Finite state machines

This is the second article in a series about some classic computer science:

Regular expressions
Finite state machines
Comparing regular expressions and finite state machines

Finite state machines are a way of checking that a series of inputs is valid, potentially doing some actions while you’re doing this checking. They’re not something I use all that often, but if I spot that some logic is turning into a tangled mess of if / else it’s sometimes a clue that I should rip it out and replace it with a finite state machine. I’ll go into an example implementation below – as you’ll see they’re not tricky.

I’ll concentrate on the simplest version for most of this article, whose full name is Deterministic Finite State Machine.
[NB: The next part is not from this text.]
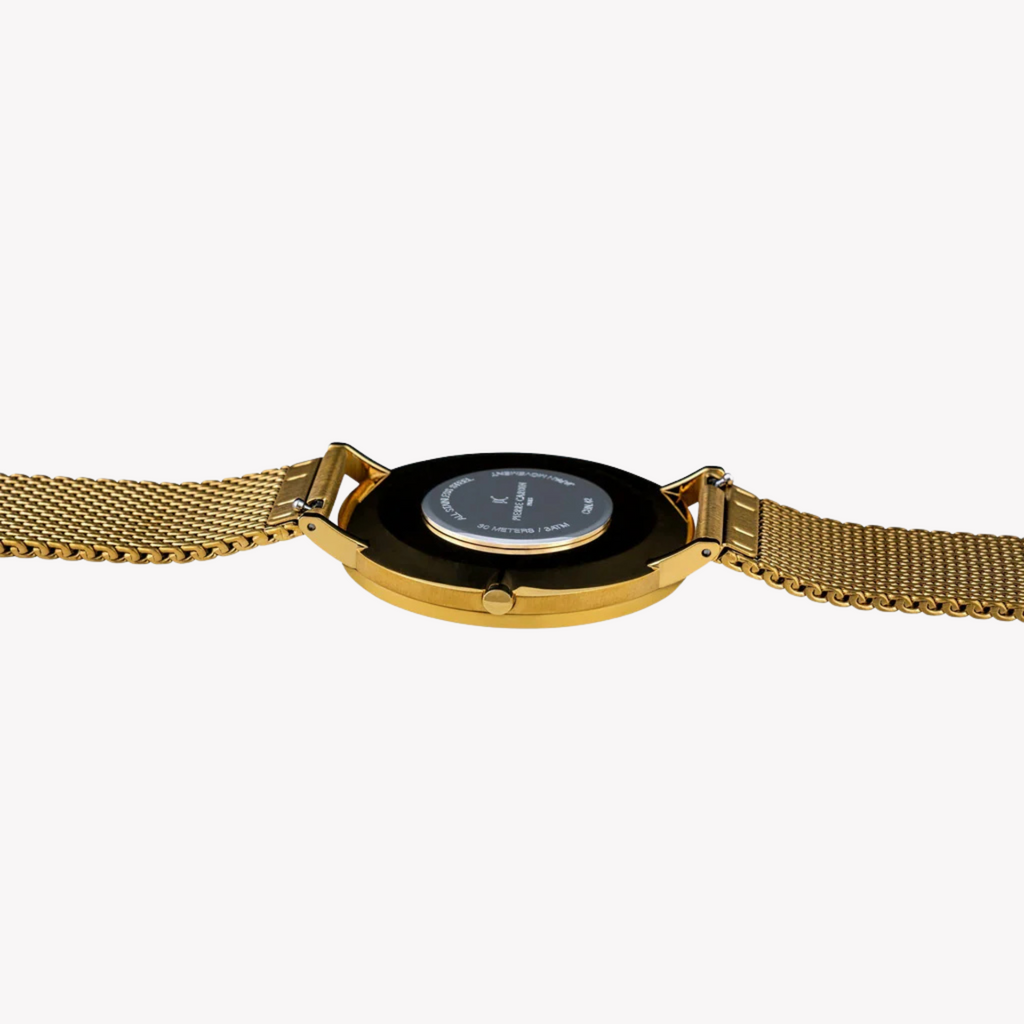 PIERRE CARDIN CBN.3014 LUXUS-HERRENUHR AUS GOLD – STILVOLLES EDELSTAHL-DESIGN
Later in the article, I’ll briefly touch on the Non-deterministic Finite State Machine, and also the Hidden Markov Model. Finite state machines are sometimes known as finite state automata or just state machines. For most of the article, I’ll use the abbreviation FSM to mean deterministic finite state machine.
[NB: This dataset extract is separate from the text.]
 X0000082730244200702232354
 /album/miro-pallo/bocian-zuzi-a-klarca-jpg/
With all that out of the way: what is a FSM?

Basics

A FSM is a bit like a game of hopscotch that you build for your computer. In case you’ve never played it, hopscotch is where there are squares marked out on the ground, and the squares are laid out roughly in some kind of line. You start at one end of the line and try to get to the other end. As you move along the line, your foot can be in only one square at a time. (Sometimes you need to put both feet down on the ground, each in different squares, but most of the time you’re hopping so only one foot is on the ground.)

A little girl doing hopscotch — Image credit

This is a FSM:

A directed graph showing start -> A, A -> B with input p, B -> C with input q, B -> D with input r. C and D have a double outline

A, B, C, and D are states, which are like the squares in hopscotch. The arrows are the only ways you can move from one state to another, so you can’t e.g. go directly from A to D. You start by following the arrow that has no blob at its start, which means you start in state A. The labels on the arrows are what input you must receive in order to follow that arrow, i.e. to go from A to B you must receive input p.
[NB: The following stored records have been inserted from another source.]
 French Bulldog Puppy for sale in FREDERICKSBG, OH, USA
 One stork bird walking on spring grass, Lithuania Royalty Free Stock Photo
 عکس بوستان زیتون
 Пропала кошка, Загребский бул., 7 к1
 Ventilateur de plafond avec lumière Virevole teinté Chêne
C and D are marked as special by having a double outline. These are accepting states. If the computer is in an accepting state when the input finishes, then the input is valid. If the computer is in a different state when the input finishes, the input is invalid.

So, the FSM above will accept pq and pr as valid inputs. The order matters – qp and rp are invalid.

Memory

The FSM above is a relatively simple one. This is a slightly more complicated one:

A directed graph showing init -> A, A -> B with p, A -> D with x, B -> C with q, D -> C with y, C -> E with r, C -> F with s, C -> G with t. E, F and G have a double outline

Paths through the FSM can split or join as needed. This FSM will accept pqr, pqs, pqt, xyr, xys or xyt.

It’s important to note that once the FSM is in state C it has no memory of which path it took to get there (i.e. via B or via D). The only thing it knows is where it is now and where it can get to next based on which input it gets.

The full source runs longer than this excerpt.